We use BigQuery to store data in a table and query it. Data storage can be either an internal native table or an external table where the external source will point to Google Cloud Storage or Google Drive.
Wherever we can have external storage, we can have a table built pointing to that external storage and query the tables. In BigQuery, we can query the table or even do DML operations, like insert, delete, etc.
The main thing I like about BigQuery is storage. We did an on-premise BigQuery migration with trillions of records. Usually, we have to deal with insufficient storage on-premises, but in BigQuery, we don't get that because it's like cloud storage, and we can have any number of records. That is one advantage.
The next major advantage is the column length. We have some limits on column length on-premises, like 10,000, and we have to design it based on that. However, with BigQuery, we don't need to design the column length at all. It will expand or shrink based on the records it's getting.
I can give you a real-life example based on our migration from on-premises to GCP. There was a dimension table with a general number of records, and when we queried that on-premises, like in Apache Spark or Teradata, it took around half an hour to get those records. In BigQuery, it was instant. As it's very fast, you can get it in two or three minutes. That was very helpful for our engineers.
Usually, we have to run a query on-premises and go for a break while waiting for that query to give us the results. It's not the case with BigQuery because it instantly provides results when we run it. So, that makes the work fast, it helps a lot, and it helps save a lot of time.

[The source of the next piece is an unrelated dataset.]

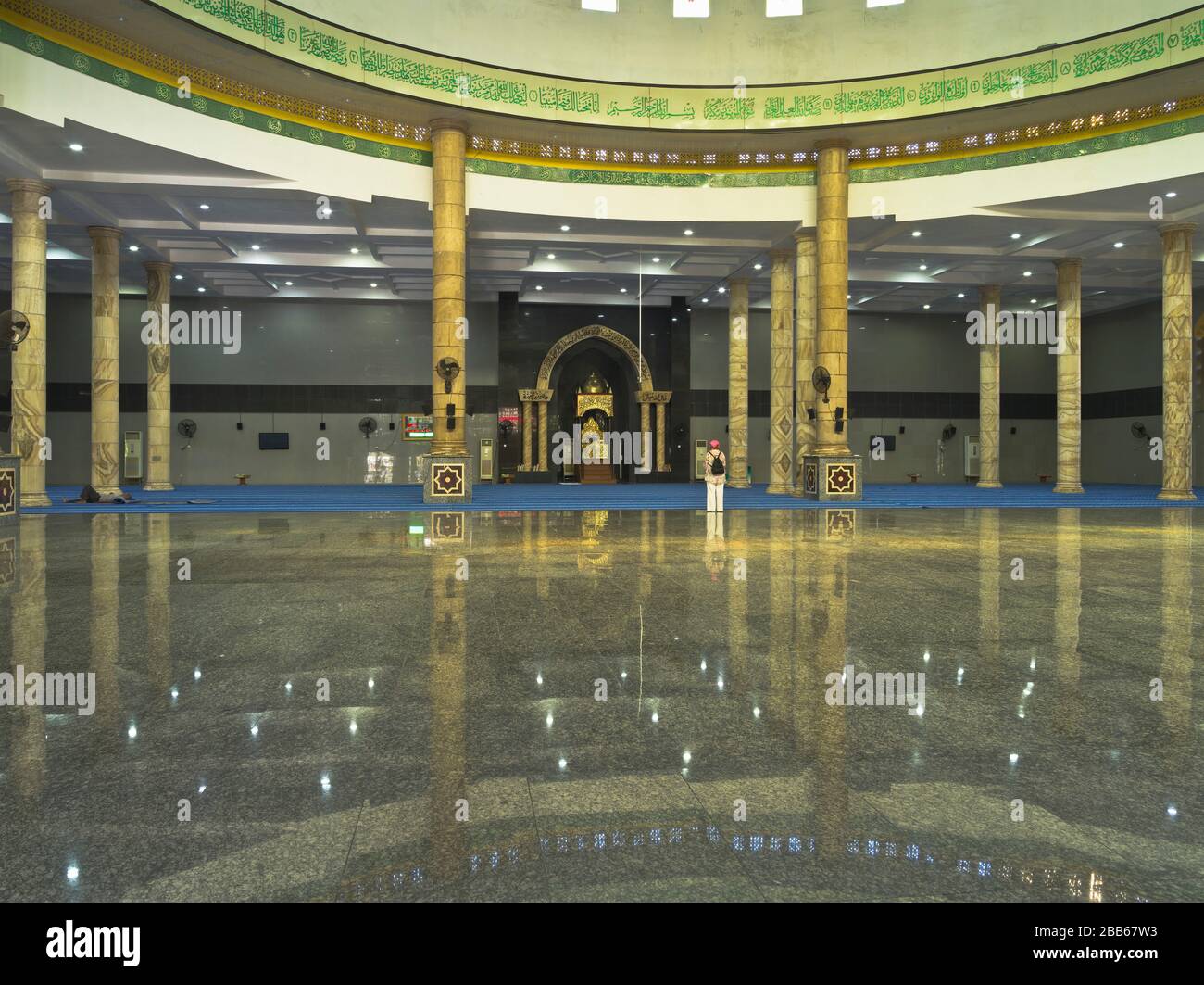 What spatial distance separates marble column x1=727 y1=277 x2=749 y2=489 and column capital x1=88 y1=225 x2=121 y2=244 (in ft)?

It also has a reasonable performance rate and smart tuning. Suppose we need to perform some joins, BigQuery has a smart tuning option, and it'll tune itself and tell us the best way a query can be done in the backend.
To be frank, the performance, reliability, and everything else have improved, even the downtime. Usually, on-premise servers have some downtime, but as BigQuery is multiregional, we have storage in three different locations. So, downtime is also not getting impacted.
For example, if the Atlantic ocean location has some downtime, or the server is down, we can use data that is stored in Africa or somewhere else. We have three or four storage locations, and that's the main advantage.
It would be better if BigQuery didn't have huge restrictions. For example, when we migrate from on-premises to on-premise, the data which handles all ebook characters can be handled on-premise. But in BigQuery, we have huge restrictions. If we have some symbols, like a hash or other special characters, it won't accept them. Not in all cases, but it won't accept a few special characters, and when we migrate, we get errors.
We need to use Regexp or something similar to replace that with another character. This isn't expected from a high-range technology like BigQuery. It has to adapt all products. For instance, if we have a TV Showroom, the TV symbol will be there in the shop name. Teradata and Apache Spark accept this, but BigQuery won't. This is the primary concern that we had.
In the next release, it would be better if the query on the external table also had cache. Right now, we are using a GCS bucket, and in the native table, we have cache. For example, if we query the same table, it won't cost because it will try to fetch the records from the cached result. But when we run queries on the external table a number of times, it won't be cached. That's a major drawback of BigQuery. Only the native table has the cache option, and the external table doesn't. If there is an option to have an external table for cache purposes, it'll be a significant advantage for our organization.
I have been using BigQuery for more than three years.
BigQuery is a stable solution.
BigQuery is highly scalable. We can have unlimited storage if we do 20 records, and It's very fast. Even if we scale it to 20 trillion, it will still be fast.
In my organization, about two in five use BigQuery. When I joined the company a year back, usage was relatively moderate. However, now usage increased because of the on-premise to GCP migration. Because of many successful projects, several people are using BigQuery now.
We have dedicated support people who help us with the framework. If there is a technical issue in BigQuery, we just get help from the technical team. But if there are any engineering issues or some data issues, our team will handle them.
I use Teradata and then Apache Spark on-premises.
The initial setup is relatively straightforward. There are some restrictions, like the project's name. It has to be unique, but once that project is created, we can simply go to an option, query, and the query control will open, and we can start creating a table, loading data, querying, and everything. So that's quite simple and straightforward.
When I joined PayPal, the setup was done in-house. When I worked at another organization, Cognizant, we had Google's help. So a Google specialist helped us set up and everything.
I have tried my own setup using my Gmail ID, and I think it had a $300 limit for free for a new user. That's what Google is offering, and we can register and create a project.
On a scale from one to ten, I would give BigQuery an eight.